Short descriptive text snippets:
..............................

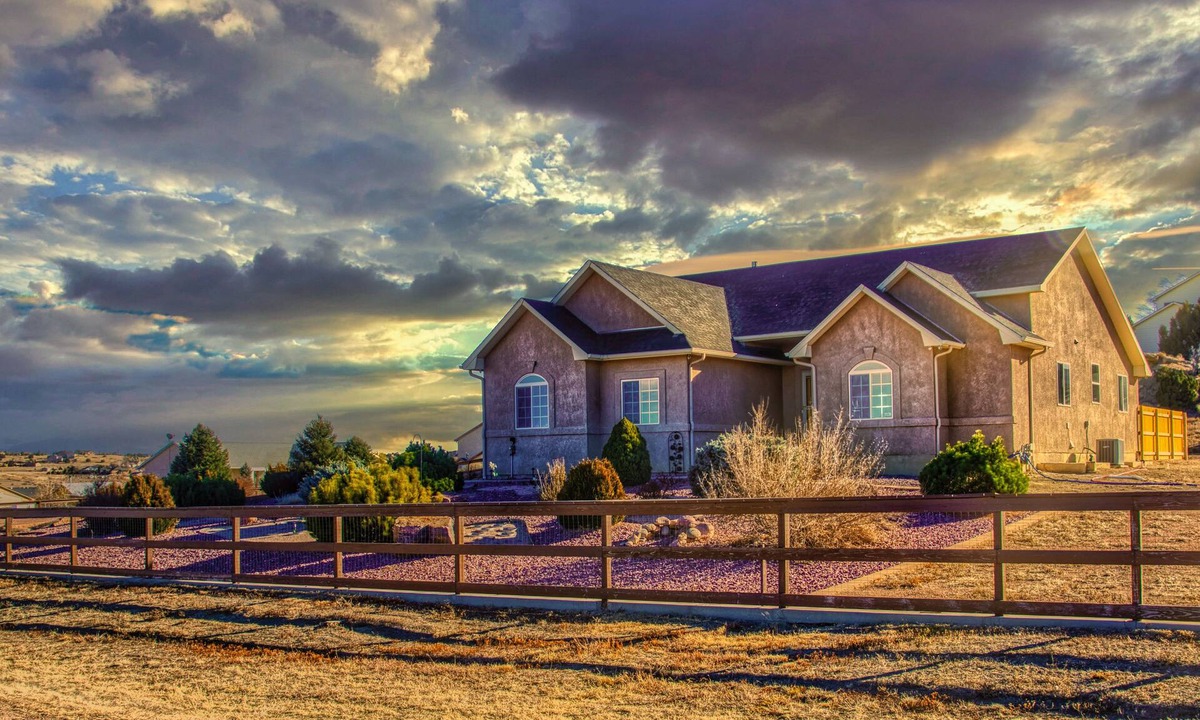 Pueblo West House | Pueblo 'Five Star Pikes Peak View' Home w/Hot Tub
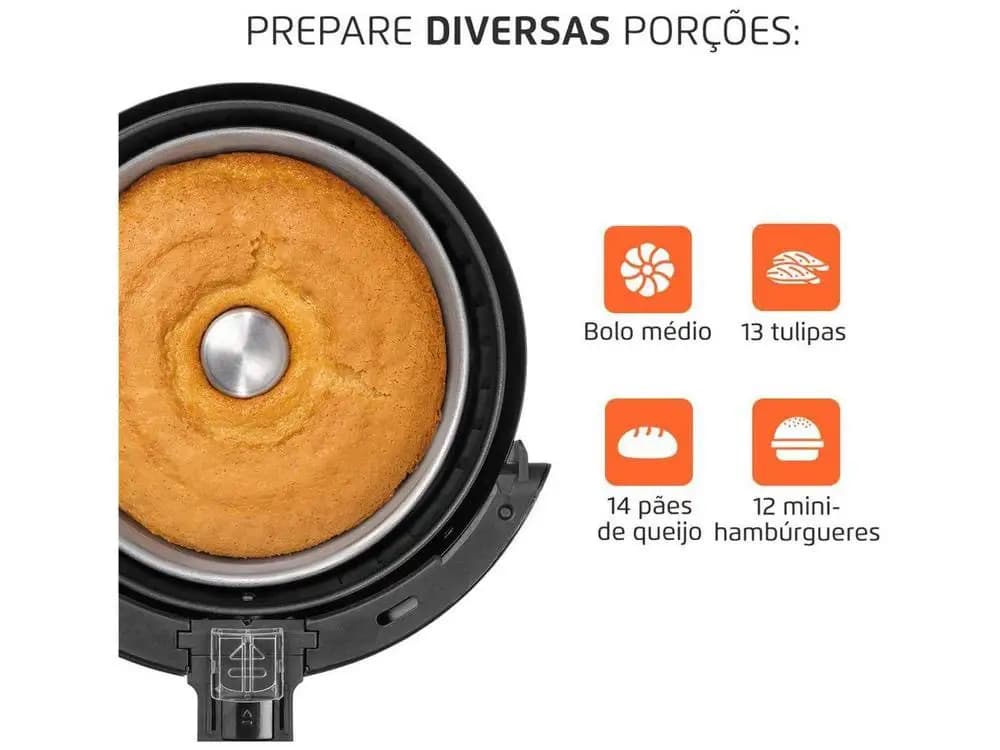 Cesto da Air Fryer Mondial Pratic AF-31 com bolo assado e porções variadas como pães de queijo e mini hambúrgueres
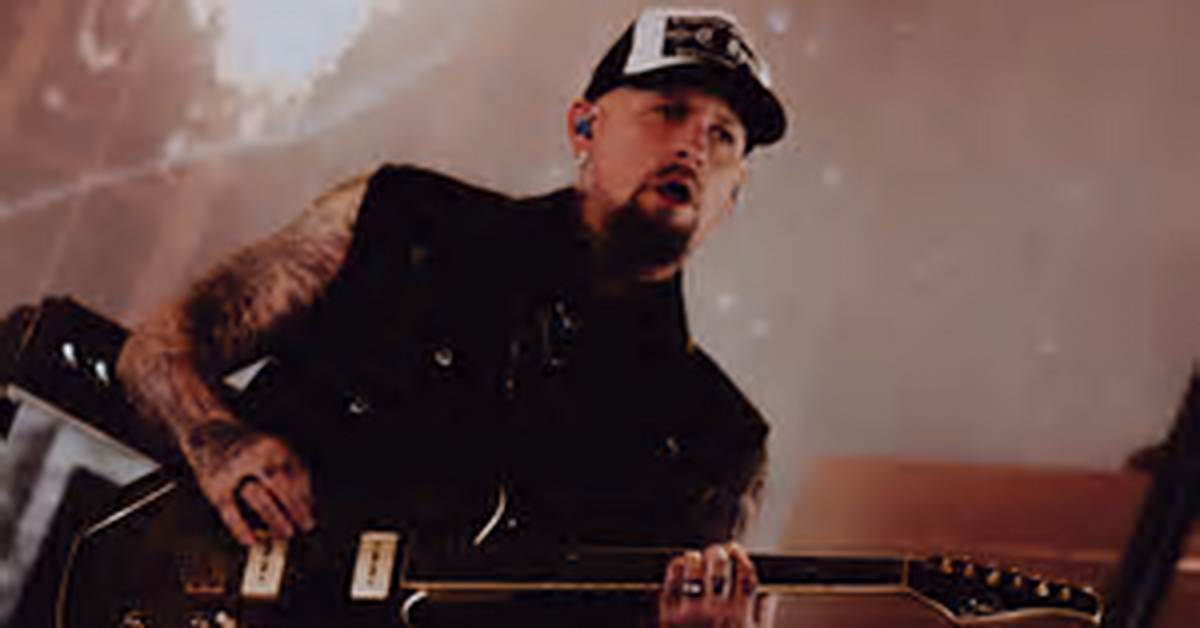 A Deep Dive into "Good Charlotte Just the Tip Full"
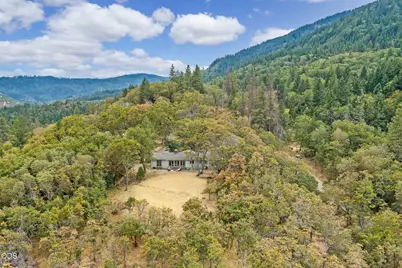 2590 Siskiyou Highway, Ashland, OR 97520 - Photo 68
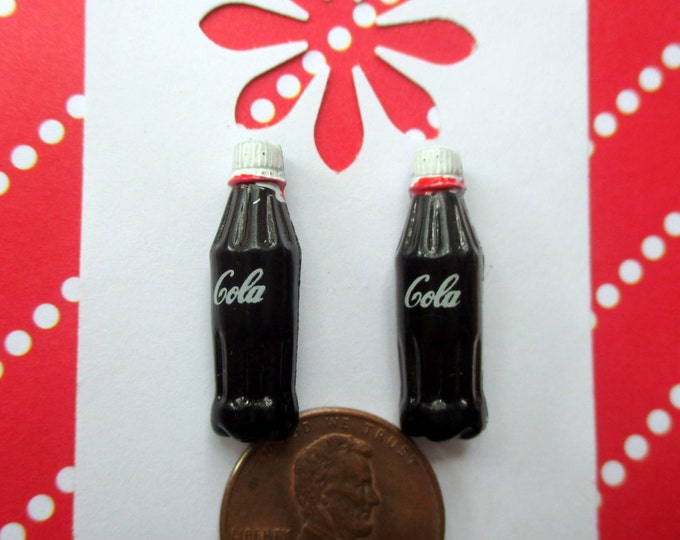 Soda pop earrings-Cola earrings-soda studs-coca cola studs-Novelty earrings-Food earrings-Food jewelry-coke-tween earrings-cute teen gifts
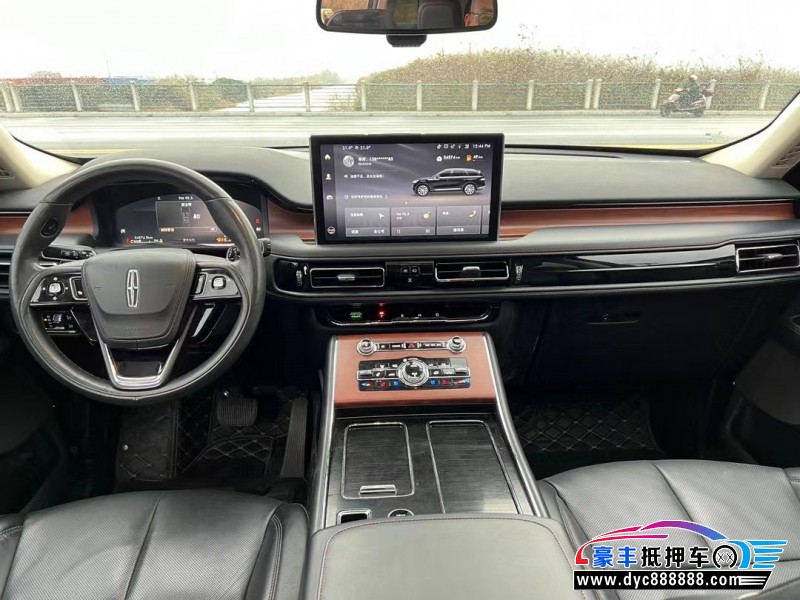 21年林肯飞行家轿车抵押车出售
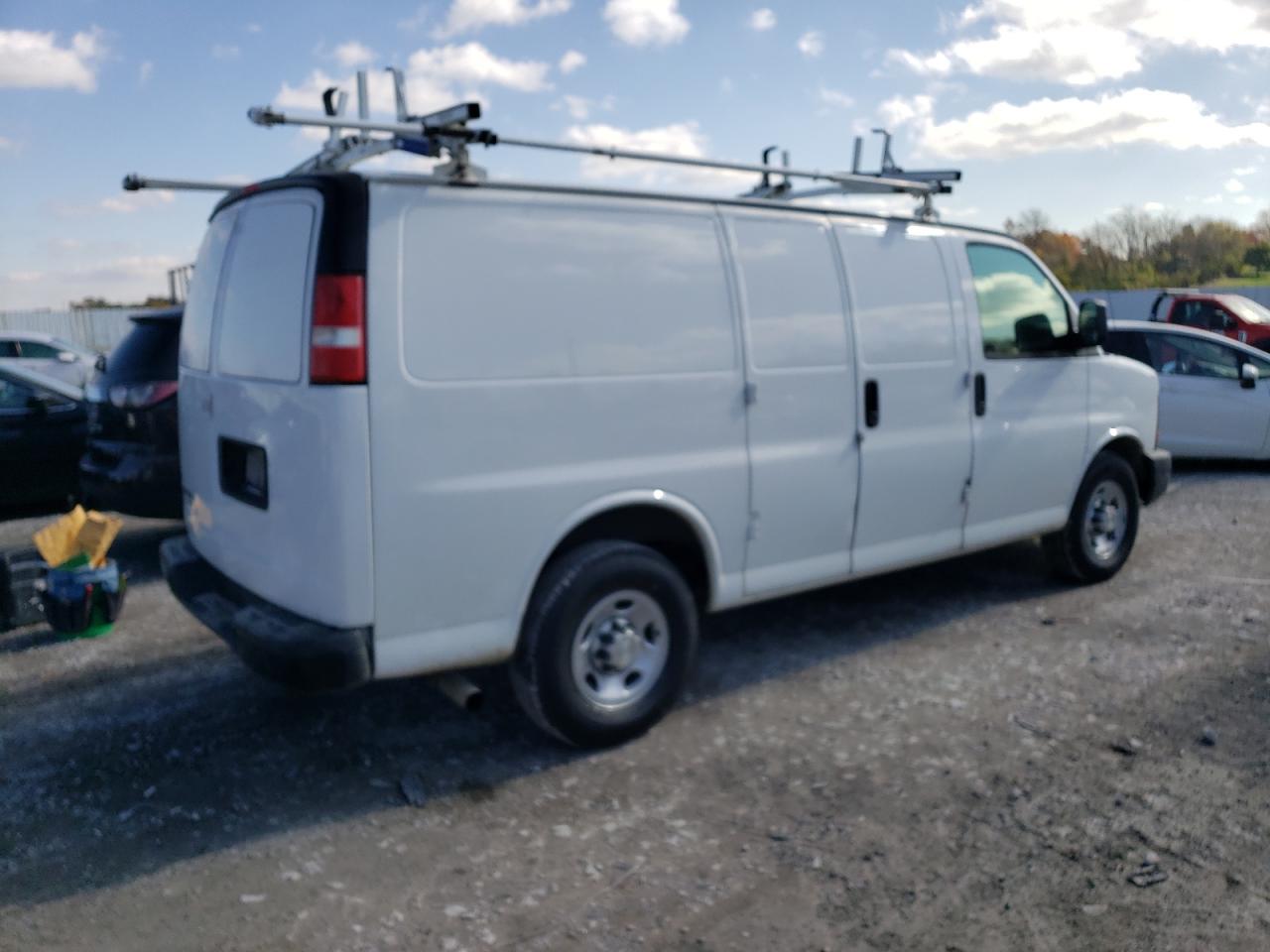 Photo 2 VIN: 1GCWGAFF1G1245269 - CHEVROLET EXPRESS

..............................

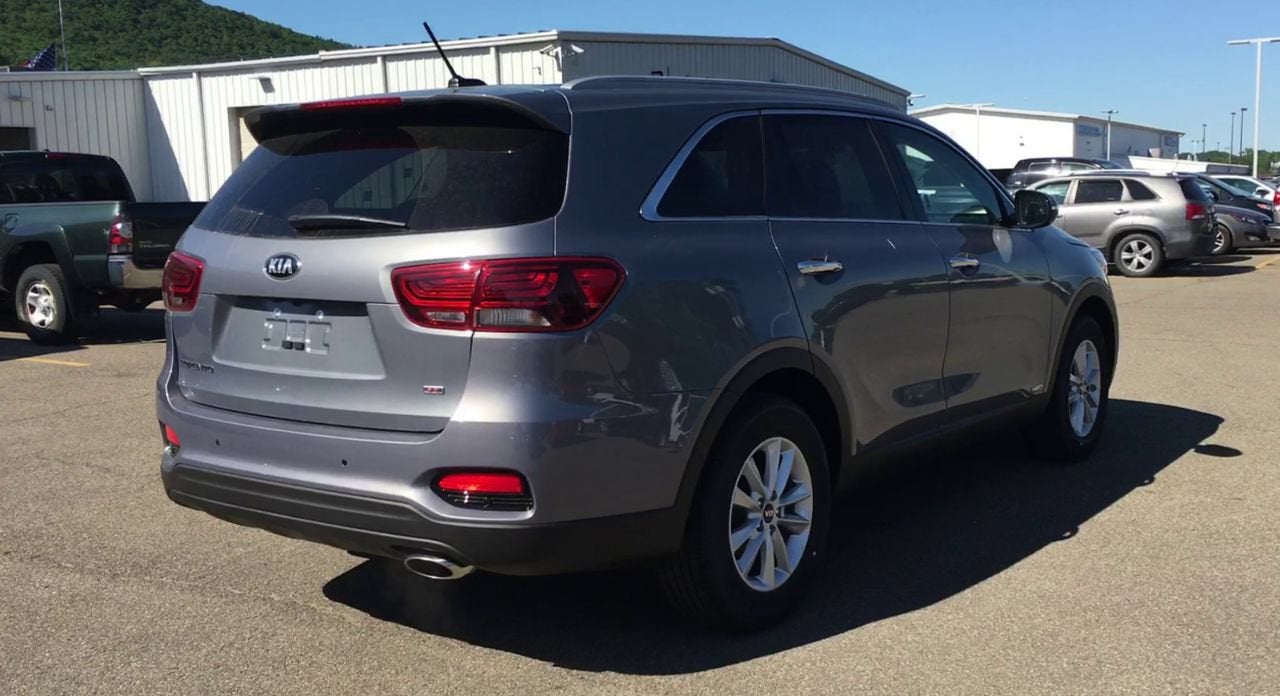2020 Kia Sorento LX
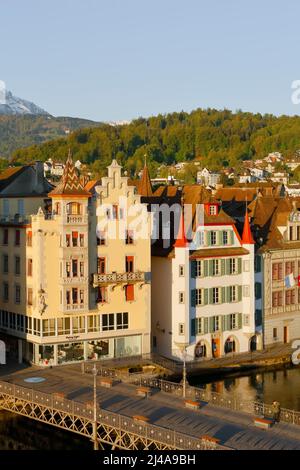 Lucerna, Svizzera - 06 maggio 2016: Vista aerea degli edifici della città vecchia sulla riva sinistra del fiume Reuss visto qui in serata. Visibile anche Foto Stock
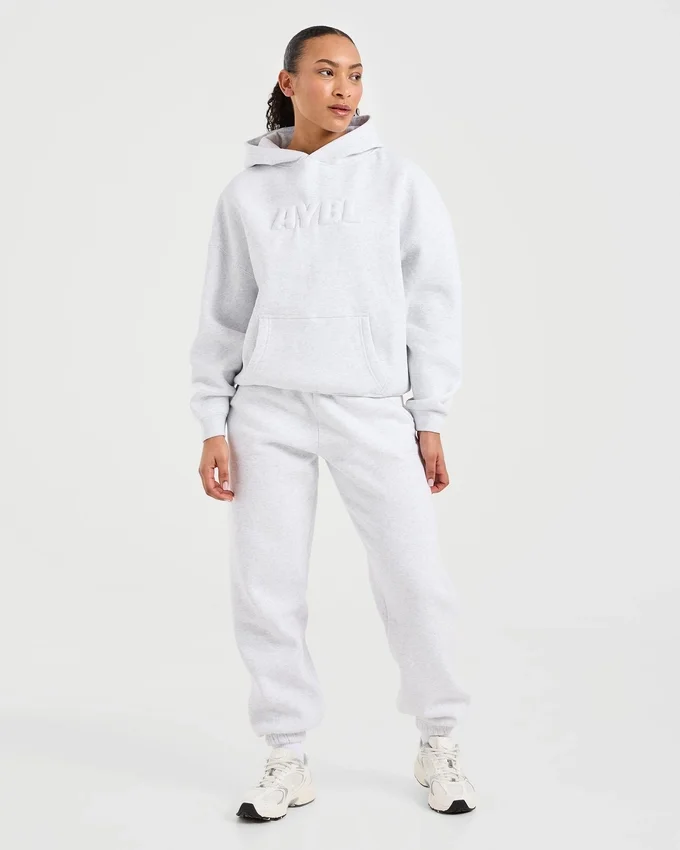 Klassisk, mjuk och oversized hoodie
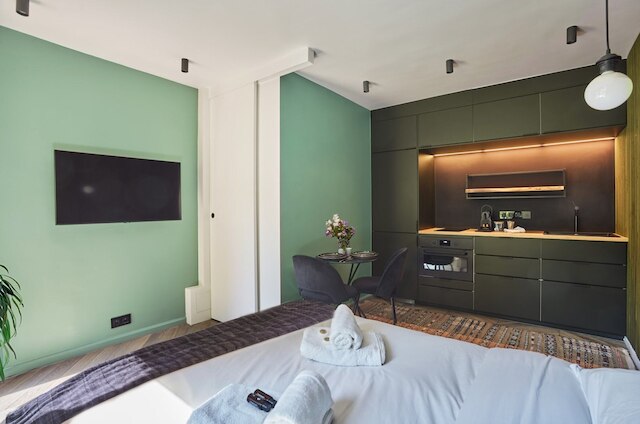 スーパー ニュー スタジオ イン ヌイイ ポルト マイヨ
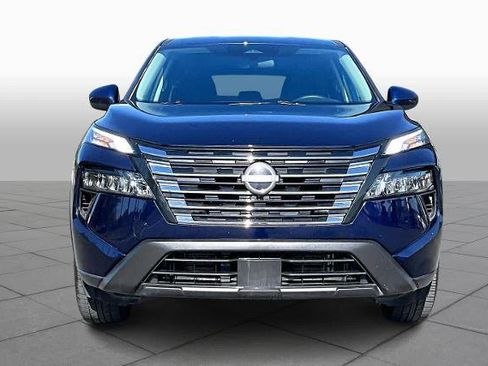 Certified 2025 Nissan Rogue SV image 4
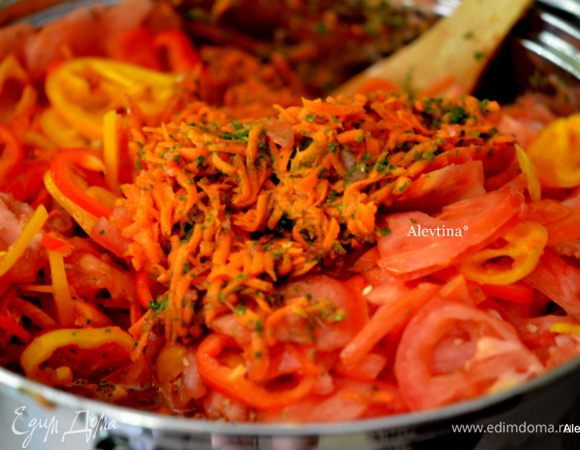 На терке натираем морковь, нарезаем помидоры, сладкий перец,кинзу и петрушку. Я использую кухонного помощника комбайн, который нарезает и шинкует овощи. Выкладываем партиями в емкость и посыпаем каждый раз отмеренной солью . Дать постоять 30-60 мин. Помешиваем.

..............................

_Activity_. Start at the line containing "A Deep Dive" above and stop at the line containing "Photo 2 VIN: 1GCWGAFF1G1245269". Output those lines exactly, both included, but none of the pictures.

_Output below_.
 A Deep Dive into "Good Charlotte Just the Tip Full"
 2590 Siskiyou Highway, Ashland, OR 97520 - Photo 68
 Soda pop earrings-Cola earrings-soda studs-coca cola studs-Novelty earrings-Food earrings-Food jewelry-coke-tween earrings-cute teen gifts
 21年林肯飞行家轿车抵押车出售
 Photo 2 VIN: 1GCWGAFF1G1245269 - CHEVROLET EXPRESS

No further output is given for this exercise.